Source information >>
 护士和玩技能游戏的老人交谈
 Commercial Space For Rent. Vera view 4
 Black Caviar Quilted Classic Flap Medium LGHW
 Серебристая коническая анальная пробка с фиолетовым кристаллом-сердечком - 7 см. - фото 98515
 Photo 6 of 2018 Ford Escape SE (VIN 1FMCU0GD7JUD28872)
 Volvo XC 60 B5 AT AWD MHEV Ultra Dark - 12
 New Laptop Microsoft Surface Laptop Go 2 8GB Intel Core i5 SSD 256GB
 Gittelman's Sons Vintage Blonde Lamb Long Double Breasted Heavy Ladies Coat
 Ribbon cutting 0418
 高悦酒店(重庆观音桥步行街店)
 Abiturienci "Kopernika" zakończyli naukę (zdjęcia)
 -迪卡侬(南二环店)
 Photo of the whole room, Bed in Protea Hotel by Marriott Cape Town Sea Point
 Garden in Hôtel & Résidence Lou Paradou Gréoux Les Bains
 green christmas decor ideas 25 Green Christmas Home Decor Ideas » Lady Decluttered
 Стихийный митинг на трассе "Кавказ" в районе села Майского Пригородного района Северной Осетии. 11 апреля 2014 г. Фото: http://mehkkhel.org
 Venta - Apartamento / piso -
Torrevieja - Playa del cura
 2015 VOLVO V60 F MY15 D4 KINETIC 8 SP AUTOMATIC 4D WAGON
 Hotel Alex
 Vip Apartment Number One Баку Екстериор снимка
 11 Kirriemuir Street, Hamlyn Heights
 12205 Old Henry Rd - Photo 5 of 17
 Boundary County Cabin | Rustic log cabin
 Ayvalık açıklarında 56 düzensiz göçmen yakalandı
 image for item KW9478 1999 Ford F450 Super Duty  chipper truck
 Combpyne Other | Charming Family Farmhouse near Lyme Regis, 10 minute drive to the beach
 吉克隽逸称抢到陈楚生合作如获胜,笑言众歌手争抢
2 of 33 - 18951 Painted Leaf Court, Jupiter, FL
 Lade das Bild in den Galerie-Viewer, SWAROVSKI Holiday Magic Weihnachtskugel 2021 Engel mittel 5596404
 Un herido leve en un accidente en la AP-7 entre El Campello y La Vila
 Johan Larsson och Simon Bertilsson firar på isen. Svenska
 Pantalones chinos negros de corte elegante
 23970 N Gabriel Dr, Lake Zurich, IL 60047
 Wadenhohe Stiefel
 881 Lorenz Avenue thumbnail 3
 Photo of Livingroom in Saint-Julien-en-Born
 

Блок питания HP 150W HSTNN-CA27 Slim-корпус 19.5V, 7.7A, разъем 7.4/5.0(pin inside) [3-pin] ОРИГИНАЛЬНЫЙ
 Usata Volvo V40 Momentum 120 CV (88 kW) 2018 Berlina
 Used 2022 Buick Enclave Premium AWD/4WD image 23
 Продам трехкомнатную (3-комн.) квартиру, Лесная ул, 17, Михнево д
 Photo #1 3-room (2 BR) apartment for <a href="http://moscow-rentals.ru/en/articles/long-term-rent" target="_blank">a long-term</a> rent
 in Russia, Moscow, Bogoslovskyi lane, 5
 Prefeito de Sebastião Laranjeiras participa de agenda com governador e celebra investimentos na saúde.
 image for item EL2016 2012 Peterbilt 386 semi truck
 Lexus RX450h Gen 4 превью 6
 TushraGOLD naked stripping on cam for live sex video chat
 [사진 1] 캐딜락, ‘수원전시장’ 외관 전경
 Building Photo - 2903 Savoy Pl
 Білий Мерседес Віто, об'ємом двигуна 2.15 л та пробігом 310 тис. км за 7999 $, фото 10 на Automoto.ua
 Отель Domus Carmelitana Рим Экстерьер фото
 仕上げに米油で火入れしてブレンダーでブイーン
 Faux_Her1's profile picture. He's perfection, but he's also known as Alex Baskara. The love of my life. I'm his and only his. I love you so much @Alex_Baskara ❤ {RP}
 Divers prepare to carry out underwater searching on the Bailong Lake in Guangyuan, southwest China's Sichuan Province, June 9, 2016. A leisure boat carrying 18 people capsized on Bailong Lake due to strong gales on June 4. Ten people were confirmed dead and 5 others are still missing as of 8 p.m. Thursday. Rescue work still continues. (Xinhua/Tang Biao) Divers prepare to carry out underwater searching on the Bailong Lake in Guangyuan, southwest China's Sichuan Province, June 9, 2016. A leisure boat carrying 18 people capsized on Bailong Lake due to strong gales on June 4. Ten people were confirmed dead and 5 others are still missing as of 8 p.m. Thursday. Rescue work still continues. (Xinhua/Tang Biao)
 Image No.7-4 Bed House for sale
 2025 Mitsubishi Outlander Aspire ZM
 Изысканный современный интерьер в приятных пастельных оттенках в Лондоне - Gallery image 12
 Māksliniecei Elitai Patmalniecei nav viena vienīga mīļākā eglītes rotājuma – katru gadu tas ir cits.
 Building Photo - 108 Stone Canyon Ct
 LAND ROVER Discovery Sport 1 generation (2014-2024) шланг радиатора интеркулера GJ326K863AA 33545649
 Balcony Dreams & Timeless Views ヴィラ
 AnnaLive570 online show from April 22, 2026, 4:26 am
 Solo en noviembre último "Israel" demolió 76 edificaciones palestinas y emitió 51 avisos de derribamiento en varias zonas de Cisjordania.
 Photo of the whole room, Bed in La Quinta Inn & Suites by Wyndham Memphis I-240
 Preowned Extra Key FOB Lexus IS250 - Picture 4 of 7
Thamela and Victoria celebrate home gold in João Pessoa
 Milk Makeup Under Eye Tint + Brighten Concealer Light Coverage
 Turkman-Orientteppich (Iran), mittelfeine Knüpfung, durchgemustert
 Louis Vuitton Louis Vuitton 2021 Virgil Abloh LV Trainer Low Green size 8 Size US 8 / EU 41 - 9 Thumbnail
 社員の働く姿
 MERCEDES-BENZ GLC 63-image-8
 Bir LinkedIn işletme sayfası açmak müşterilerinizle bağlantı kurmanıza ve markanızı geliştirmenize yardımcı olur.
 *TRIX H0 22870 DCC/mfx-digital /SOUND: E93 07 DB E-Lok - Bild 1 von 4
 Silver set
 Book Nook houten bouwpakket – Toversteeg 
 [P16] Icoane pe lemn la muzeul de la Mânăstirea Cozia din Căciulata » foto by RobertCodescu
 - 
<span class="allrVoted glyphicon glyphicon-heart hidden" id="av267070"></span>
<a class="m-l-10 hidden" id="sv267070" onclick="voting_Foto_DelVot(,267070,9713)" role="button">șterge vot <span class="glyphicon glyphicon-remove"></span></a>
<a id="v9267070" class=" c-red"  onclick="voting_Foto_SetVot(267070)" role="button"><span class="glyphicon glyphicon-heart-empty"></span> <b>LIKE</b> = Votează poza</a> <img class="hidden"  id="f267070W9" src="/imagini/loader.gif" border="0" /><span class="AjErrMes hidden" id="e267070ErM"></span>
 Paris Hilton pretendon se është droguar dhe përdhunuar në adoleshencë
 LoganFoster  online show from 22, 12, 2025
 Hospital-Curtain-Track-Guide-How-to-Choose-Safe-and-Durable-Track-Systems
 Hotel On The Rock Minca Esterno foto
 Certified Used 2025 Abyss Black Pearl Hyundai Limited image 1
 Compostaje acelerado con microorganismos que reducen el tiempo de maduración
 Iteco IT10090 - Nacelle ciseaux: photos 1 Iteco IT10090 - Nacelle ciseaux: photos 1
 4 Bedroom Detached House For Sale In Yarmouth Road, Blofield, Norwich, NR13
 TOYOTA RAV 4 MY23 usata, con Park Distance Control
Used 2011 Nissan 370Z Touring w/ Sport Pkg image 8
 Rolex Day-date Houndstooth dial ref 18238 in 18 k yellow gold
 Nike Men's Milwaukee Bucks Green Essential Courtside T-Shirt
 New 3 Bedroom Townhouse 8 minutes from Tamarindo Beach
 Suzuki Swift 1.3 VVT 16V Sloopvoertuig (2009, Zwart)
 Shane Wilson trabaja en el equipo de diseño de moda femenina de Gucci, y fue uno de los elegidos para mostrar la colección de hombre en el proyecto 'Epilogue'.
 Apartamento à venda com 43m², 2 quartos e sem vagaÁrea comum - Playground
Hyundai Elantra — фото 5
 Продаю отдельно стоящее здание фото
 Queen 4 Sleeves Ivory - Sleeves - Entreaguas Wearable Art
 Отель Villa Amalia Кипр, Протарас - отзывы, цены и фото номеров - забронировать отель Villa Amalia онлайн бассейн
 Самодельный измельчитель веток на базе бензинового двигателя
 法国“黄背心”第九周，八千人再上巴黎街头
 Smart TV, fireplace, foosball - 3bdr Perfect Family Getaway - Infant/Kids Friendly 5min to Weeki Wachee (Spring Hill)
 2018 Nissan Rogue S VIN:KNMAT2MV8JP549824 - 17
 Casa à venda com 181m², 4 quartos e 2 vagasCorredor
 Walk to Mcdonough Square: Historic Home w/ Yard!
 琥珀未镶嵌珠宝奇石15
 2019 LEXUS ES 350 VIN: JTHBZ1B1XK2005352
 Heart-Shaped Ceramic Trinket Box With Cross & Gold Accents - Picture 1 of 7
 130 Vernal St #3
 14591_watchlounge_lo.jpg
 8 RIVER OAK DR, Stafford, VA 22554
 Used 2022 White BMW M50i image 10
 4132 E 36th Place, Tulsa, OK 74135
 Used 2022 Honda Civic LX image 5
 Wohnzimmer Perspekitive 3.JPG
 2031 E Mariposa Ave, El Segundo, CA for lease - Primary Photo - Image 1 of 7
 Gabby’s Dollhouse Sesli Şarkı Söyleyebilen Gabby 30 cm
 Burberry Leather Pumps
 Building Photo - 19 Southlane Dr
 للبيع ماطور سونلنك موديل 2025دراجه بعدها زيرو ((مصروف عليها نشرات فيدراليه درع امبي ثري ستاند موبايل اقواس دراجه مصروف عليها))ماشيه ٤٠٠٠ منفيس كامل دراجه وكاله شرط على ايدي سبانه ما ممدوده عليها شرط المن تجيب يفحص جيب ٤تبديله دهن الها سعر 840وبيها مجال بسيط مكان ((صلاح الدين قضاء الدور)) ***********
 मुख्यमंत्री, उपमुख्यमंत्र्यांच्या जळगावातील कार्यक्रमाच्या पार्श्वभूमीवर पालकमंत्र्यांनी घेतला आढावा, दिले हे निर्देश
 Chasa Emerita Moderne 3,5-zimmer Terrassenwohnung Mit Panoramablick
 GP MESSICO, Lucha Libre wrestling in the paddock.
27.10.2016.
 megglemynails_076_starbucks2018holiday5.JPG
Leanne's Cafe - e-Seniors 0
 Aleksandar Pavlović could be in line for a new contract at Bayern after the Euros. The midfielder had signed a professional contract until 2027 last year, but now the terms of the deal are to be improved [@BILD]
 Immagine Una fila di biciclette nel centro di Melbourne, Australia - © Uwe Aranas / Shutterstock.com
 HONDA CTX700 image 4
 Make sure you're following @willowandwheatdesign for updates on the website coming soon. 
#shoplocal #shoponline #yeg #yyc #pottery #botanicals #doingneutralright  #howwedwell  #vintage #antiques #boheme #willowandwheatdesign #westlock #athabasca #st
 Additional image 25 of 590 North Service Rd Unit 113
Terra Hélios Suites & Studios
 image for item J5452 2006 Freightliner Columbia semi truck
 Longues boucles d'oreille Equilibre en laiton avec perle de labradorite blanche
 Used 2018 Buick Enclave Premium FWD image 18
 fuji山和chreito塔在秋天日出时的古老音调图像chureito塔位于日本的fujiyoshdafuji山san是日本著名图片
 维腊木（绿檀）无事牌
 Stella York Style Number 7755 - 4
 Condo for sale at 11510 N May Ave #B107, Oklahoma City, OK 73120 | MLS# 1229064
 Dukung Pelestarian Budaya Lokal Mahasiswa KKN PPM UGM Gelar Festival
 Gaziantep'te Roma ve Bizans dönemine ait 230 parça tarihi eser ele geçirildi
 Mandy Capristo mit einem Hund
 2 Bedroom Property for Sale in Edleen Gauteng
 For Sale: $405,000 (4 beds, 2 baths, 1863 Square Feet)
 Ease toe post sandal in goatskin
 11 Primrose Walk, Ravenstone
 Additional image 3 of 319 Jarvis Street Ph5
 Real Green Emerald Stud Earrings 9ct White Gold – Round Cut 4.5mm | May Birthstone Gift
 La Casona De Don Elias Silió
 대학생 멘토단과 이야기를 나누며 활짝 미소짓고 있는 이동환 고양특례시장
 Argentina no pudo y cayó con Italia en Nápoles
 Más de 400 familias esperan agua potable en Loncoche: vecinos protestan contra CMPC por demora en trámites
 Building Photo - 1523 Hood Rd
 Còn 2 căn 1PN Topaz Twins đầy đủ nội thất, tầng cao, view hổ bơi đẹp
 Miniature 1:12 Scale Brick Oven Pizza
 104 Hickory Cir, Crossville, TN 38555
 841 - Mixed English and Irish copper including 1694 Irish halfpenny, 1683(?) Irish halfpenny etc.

Work order >>
The lines above from the one with "Серебристая коническая анальная" through the one with "green christmas decor" are to be duplicated exactly, ends included, with nothing added.

Problem solution >>
 Серебристая коническая анальная пробка с фиолетовым кристаллом-сердечком - 7 см. - фото 98515
 Photo 6 of 2018 Ford Escape SE (VIN 1FMCU0GD7JUD28872)
 Volvo XC 60 B5 AT AWD MHEV Ultra Dark - 12
 New Laptop Microsoft Surface Laptop Go 2 8GB Intel Core i5 SSD 256GB
 Gittelman's Sons Vintage Blonde Lamb Long Double Breasted Heavy Ladies Coat
 Ribbon cutting 0418
 高悦酒店(重庆观音桥步行街店)
 Abiturienci "Kopernika" zakończyli naukę (zdjęcia)
 -迪卡侬(南二环店)
 Photo of the whole room, Bed in Protea Hotel by Marriott Cape Town Sea Point
 Garden in Hôtel & Résidence Lou Paradou Gréoux Les Bains
 green christmas decor ideas 25 Green Christmas Home Decor Ideas » Lady Decluttered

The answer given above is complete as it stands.